The head of New Jersey Transit dug in his heels on Monday, defending the agency's preparations in advance of Sandy -- and adding it previously thought it would have at least 20 more years to adapt to climate change.
As Transportation Nation reported, critics say there's a direct line between NJ Governor Chris Christie's inaction on climate change and New Jersey transit’s costly decision to store brand-new trains in low-lying, flood prone rail yards during storm Sandy.
At a Senate subcommittee hearing last week, New Jersey Senator Frank Lautenberg questioned NJ Transit's decision to park trains in rail yards that flooded during Sandy. But when agency head James Weinstein defended that decision, saying his information indicated an "80 to 90 percent range that no flooding would happen," the questions stopped.
For four days.
At a New Jersey Assembly Transportation Committee hearing in Trenton on Monday, Weinstein was asked to retread the steps the agency took to secure its fleet in the face of the oncoming storm -- and explain why it decided not to study the impact of climate change on its rolling stock.
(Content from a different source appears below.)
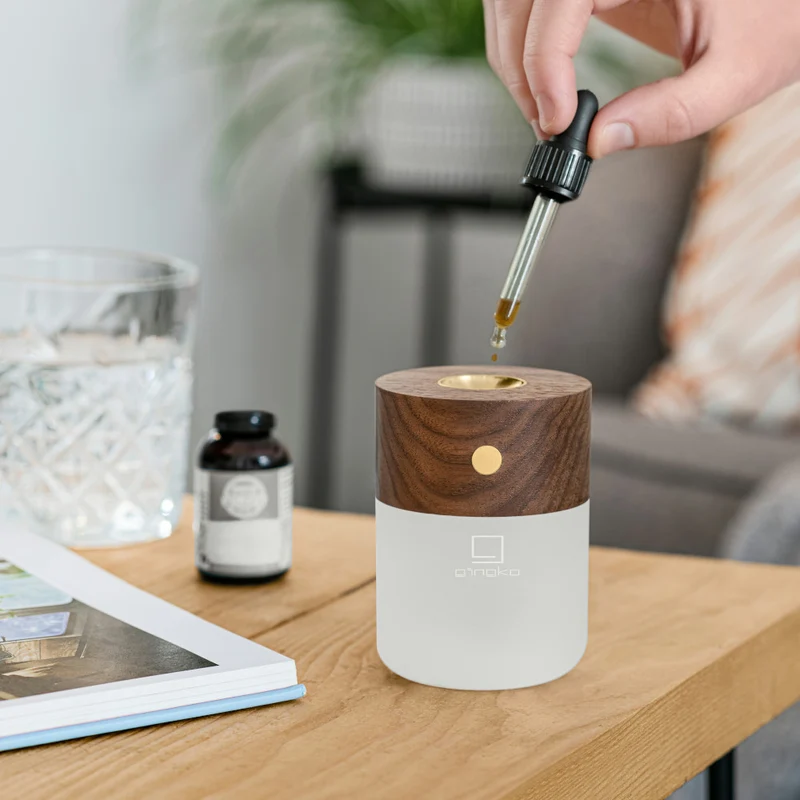 SMART DIFFUSER LAMP "Walnuss" • Gingko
Assemblywoman Linda Stender picked up the issue. "Back in March," she said, "it was reported that New Jersey Transit declined to have climate change consultants do an analysis -- they were told to skip it."
Not so, Weinstein said.
"Basically, it was a study to determine a study," he said. 'It was sort of the beginning of a process, and I think the response and the decision that as made at that time was that if we understand the vulnerability of our properties, where we store equipment -- the way you deal with equipment is to move it to places where it's not vulnerable. So I'm not quite sure what a consultant would have told us, other than ' this facility is in harm's way, you need to move it out of harm's way.'"
Stender wasn't mollified. "I guess my concern is I don't understand why a decision like that was made," she said, pointing out that other transit agencies were studying the issue. "It really seems to me that was a very bad choice to have skipped something like that."
Weinstein disagreed with that characterization. The agency did the study, he said -- just not all of it.
"We did not skip the study," Weinstein retorted. "We actually executed the study. The only thing we didn't do in that study was an analysis of the actual equipment. We did an analysis, the beginning of an analysis, on the facilities...and the reason that we did that is because if you determine that the Meadowlands Maintenance Facility, for instance, is flood-prone, then.. that informs your decision not to keep equipment there...We actually -- that study is actually complete, I've seen a copy of it, although I confess I have not studied it, but I don't want to leave the impression that we just said 'no, we're not going to do that.' That's not what we did. We did the study; we just concluded that the way you address the equipment problem, the rolling stock problem, is by moving it."
But wouldn't a study show that the facility was vulnerable and the equipment should have been moved, countered Stender?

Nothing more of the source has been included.